### The problem
From the data below, retype exactly the lines starting with the one that contains "Auto, Youngtimer, Oldtimer, Klassiker, Citroën" and ending with the one that contains "Romance & Free Parking Lejlighed *", both included.

### Data records
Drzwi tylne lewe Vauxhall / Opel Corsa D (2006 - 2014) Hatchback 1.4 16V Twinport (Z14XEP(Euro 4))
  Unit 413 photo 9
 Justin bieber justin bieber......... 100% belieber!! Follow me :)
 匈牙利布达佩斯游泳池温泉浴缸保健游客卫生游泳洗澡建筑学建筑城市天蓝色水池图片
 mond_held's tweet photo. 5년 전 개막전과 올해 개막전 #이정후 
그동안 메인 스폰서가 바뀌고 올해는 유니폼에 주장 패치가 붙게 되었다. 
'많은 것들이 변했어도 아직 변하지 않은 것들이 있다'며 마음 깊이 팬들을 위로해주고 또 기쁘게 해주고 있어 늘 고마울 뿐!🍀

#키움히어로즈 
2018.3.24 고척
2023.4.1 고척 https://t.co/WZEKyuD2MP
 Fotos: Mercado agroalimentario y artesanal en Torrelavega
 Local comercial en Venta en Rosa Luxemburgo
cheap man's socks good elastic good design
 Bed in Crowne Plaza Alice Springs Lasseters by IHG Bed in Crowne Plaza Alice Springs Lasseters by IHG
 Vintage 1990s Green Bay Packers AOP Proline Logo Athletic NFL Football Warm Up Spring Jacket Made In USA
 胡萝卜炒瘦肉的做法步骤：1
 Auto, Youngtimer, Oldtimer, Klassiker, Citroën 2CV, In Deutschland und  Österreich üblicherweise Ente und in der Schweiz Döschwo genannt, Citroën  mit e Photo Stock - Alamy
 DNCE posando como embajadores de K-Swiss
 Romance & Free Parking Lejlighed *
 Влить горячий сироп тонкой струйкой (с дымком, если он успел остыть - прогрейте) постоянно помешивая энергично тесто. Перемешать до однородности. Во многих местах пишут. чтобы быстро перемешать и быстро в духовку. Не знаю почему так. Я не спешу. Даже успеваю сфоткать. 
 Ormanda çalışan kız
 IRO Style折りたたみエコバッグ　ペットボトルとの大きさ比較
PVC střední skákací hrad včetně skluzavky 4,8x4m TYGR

### Answer space
 Auto, Youngtimer, Oldtimer, Klassiker, Citroën 2CV, In Deutschland und  Österreich üblicherweise Ente und in der Schweiz Döschwo genannt, Citroën  mit e Photo Stock - Alamy
 DNCE posando como embajadores de K-Swiss
 Romance & Free Parking Lejlighed *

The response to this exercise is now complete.